Tous les intervenants du projet n'ont toutefois pas besoin de maîtriser l'intégralité des informations contenues dans la maquette numérique, et tous les projets n'ont pas besoin d'une maquette extrêmement détaillée. L'objectif est de développer des outils adaptés à la taille des projets et aux différents acteurs, en élaborant des cahiers des charges appropriés aux différents métiers (de la conception à l'exploitation) pour stimuler une offre des éditeurs de logiciels calée sur les besoins des acteurs, en créant des « kits BIM » adaptés aux projets de taille modeste et facilitant le travail en mode collaboratif et, in fine, le regroupement des intervenants, et en stimulant de nouvelles techniques de relevé des bâtiments existants, rapides et peu coûteuses, pour supporter les travaux de réhabilitation et d'exploitation.
J'en appelle aux éditeurs de logiciels, car une adaptation des outils est nécessaire pour que la maquette numérique se généralise et touche aussi bien les petits cabinets d'architectes que les PME et les artisans.
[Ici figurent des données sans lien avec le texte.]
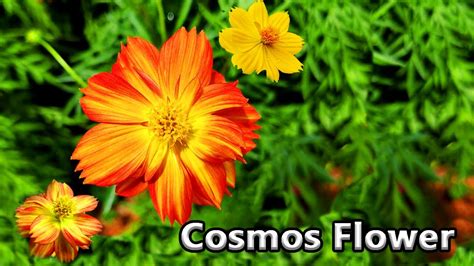How To Grow Cosmos From Seeds To 100 Success Care Maintenance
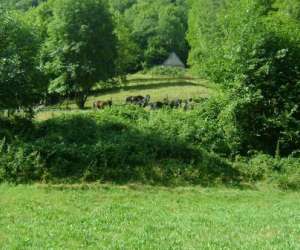 photo Centre equestre Aulus Les Bains 6639
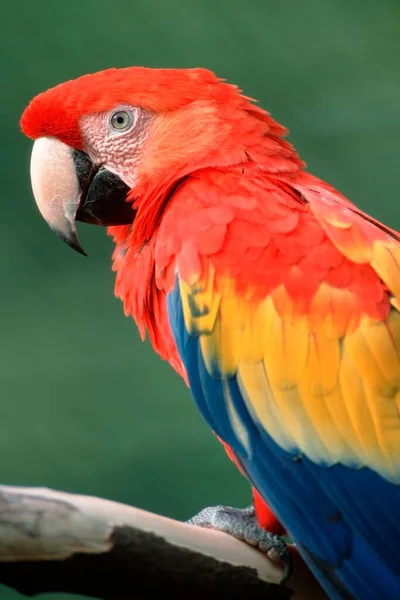 Scarlet Macaw Ara Macao Single Specimen — Stock Photo, Image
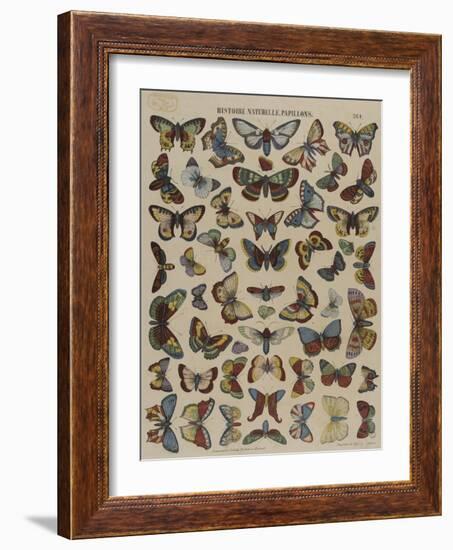 Histoire naturelle : papillons-null-Framed Giclee Print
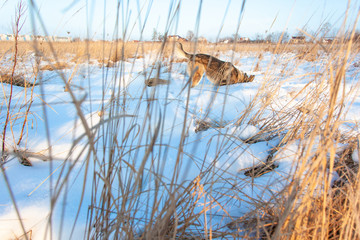 gray dog digging snow in the field on a sunny day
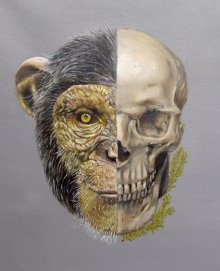 Cushing Visual Artists Garner Multiple National Art Awards Cushing Visual Artists Garner Multiple National Art Awards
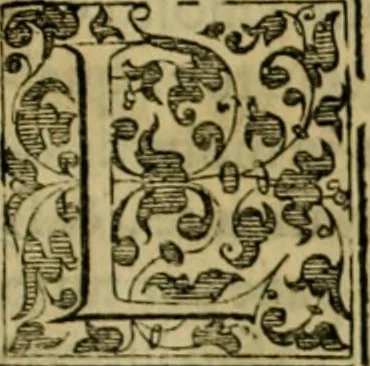 An illustration from Trattato di Christoforo Acosta africano medico & chirurgo della historia, natvra, et virtv delle droghe medicinali, & altri semplici rarissimi, che vengono portati dalle Indie Orientali in Europa : con le figure delle piante ritratte, & disegnate dal viuo poste a' luoghi proprij : nuouamente recato dalla spagnuola nella nostra lingua : con due indici, vno de' capi principali, l'altro delle cose di più momento, che si ritrouano in tutta l'opera, 1585, leaf 364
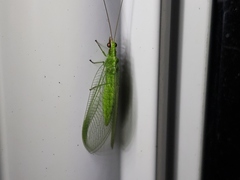 Chrysoperla pudica-group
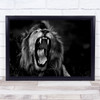Roar Yawn Fangs Mouth Teeth Tongue Lion Wildlife Black & White Feline Wild Print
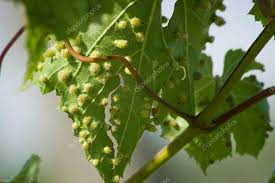 Image result for Colomerus vitis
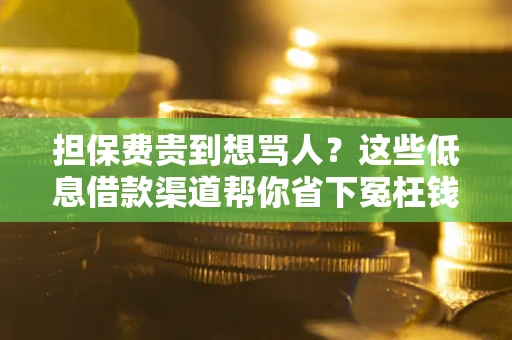 北京担保费贵到想骂人？这些低息借款渠道帮你省下冤枉钱
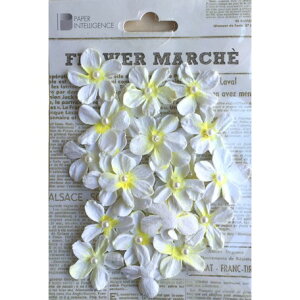 yPaper Intelligence/y[p[CeWFXz t[}VF p[y^ zCgi4107675j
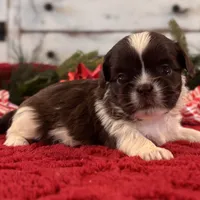 Sammy, a male Shih Tzu for sale in Kentwood, LA – Photo 2 of 3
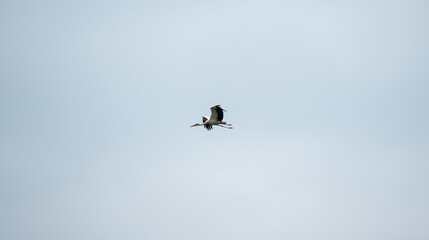 Flying stork high against the blue sky. A stork in flight in the distant perspective.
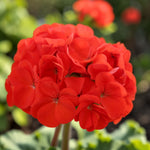 Geranium Horizon  9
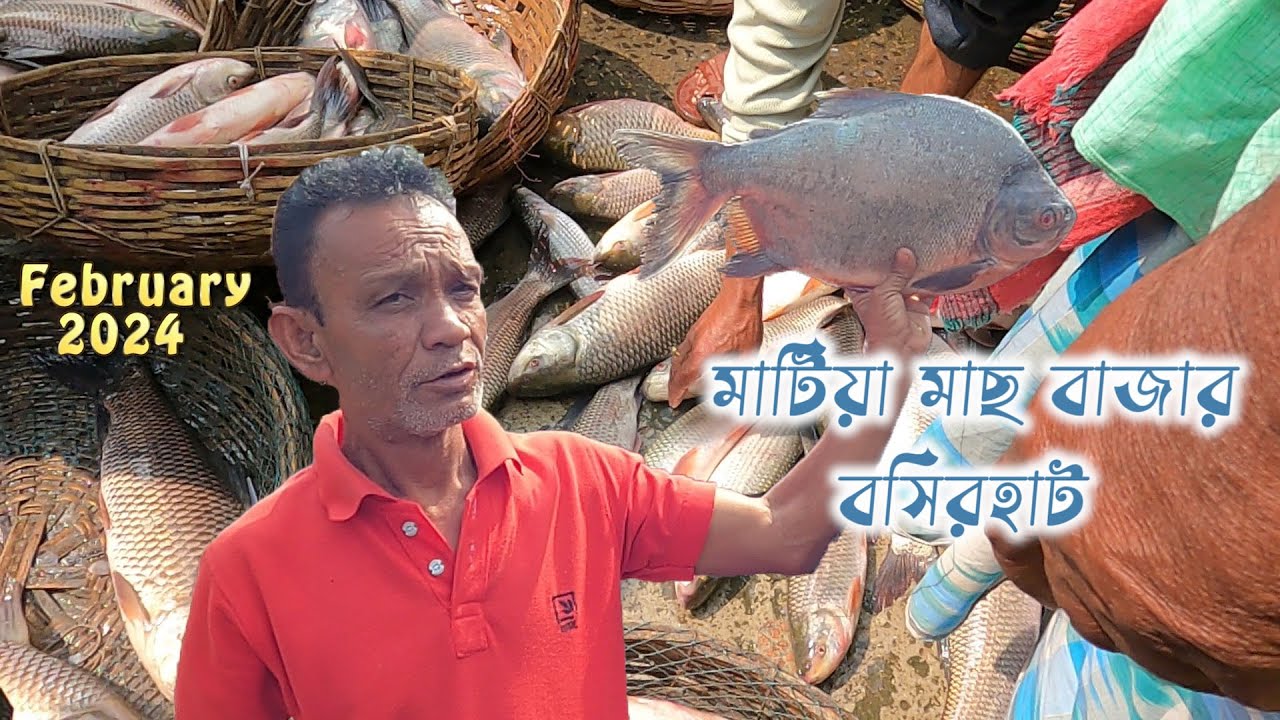 মাটিয়া মাছের বাজার বসিরহাট 2024 || Kolkata fish market 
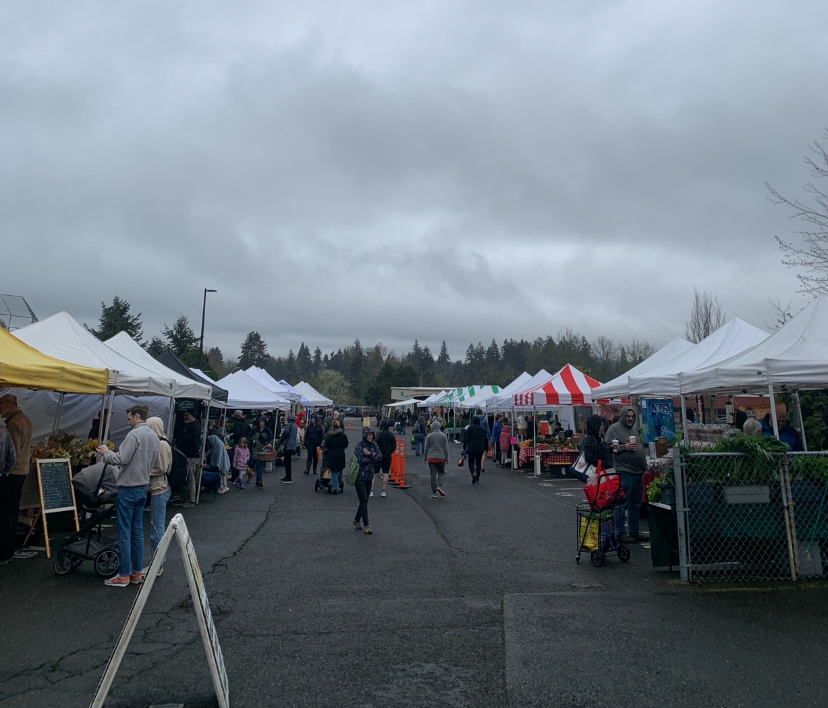 The Hillsdale Farmers Market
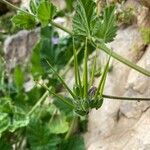 Erodium moschatum Vrucht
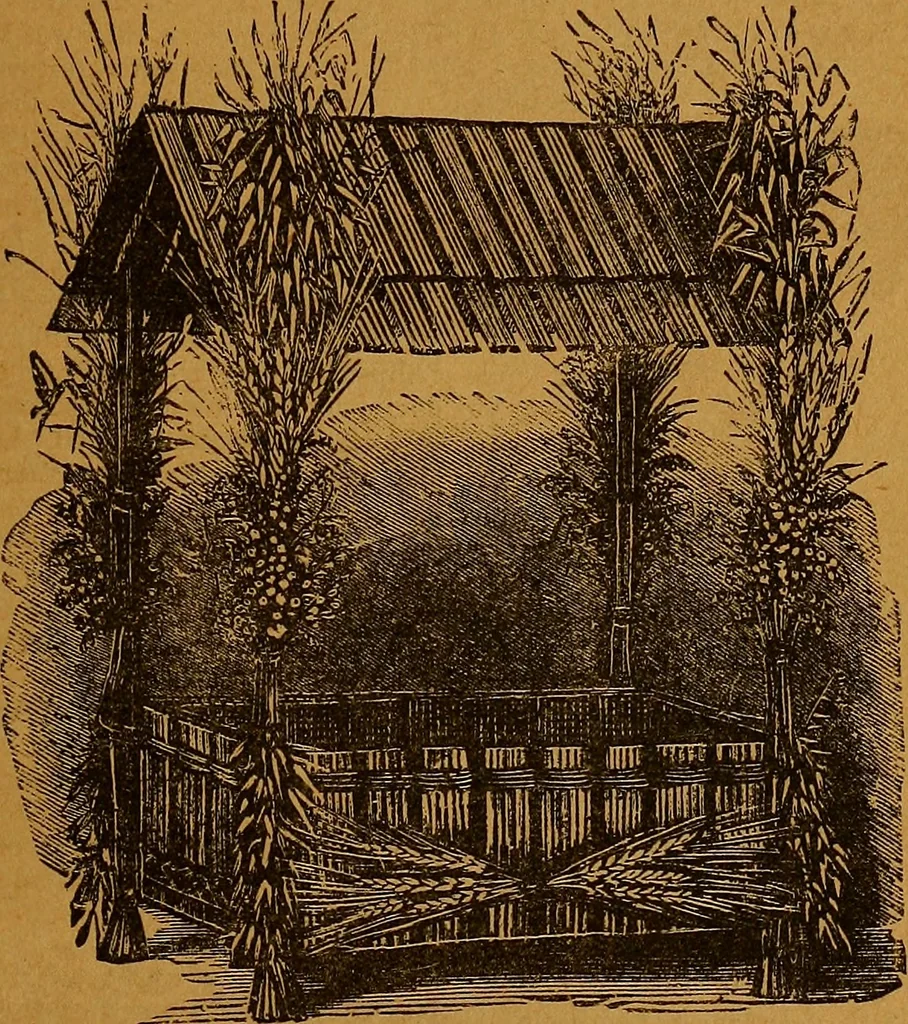 An illustration from The American domestic cyclopædia, a volume of universal ready reference for American women in American homes, 1890, leaf 396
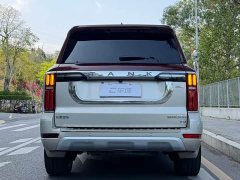 Tank 500 3.0T Premium Custom Edition 5-Seater - ფოტო 4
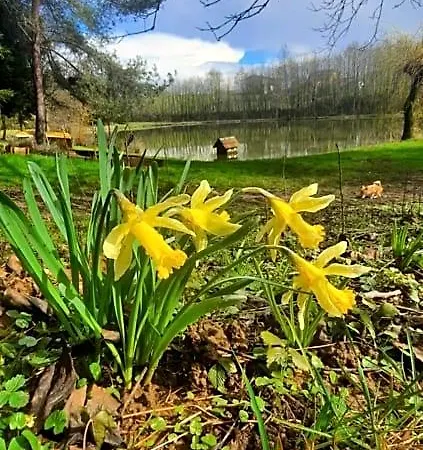 Les Etangs Du Moulin D'harcy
Et il est important que l'offre ne provienne pas d'un seul fournisseur…
Pour les artisans, c'est quand même difficile...
Nous réfléchissons avec les organisations professionnelles aux meilleurs outils pédagogiques pour les aider. Les témoignages des entreprises qui s'y sont mises sont très importants nous imaginons donc des supports vidéo avec de tels témoignages complétés par des supports pédagogiques largement diffusables. Nous allons mettre en place rapidement une plateforme de ressources facilement accessible. Le taux d'équipement des entrepreneurs en tablettes et smartphones est en train d'exploser, il faut en profiter ! Nous ouvrirons fin juin un portail numérique qui donnera l'accès le plus large possible à tout cela.
Quelles sont vos priorités pour le Plan de transition numérique dans le bâtiment ?
Nous avons trois priorités majeures :
- convaincre les acteurs et leur donner envie de s'approprier l'outil numérique et les accompagner dans leur montée en compétences
- développer des outils numériques et des applications adaptés à tous les projets et à tous les acteurs
- installer la confiance dans l'écosystème numérique en s'appuyant sur des normes internationales pour faciliter l'interopérabilité logicielle et l'accès standardisé à toutes les informations nécessaires au quotidien des acteurs (matériaux, produits, équipements, systèmes...).
Il y a une demande de labellisation que nous étudions de près. Nous réfléchissons aussi à l'émergence d'un opérateur de confiance qui pourrait être apprécié par les maîtres d'ouvrage, qui sont une des clés du développement du BIM.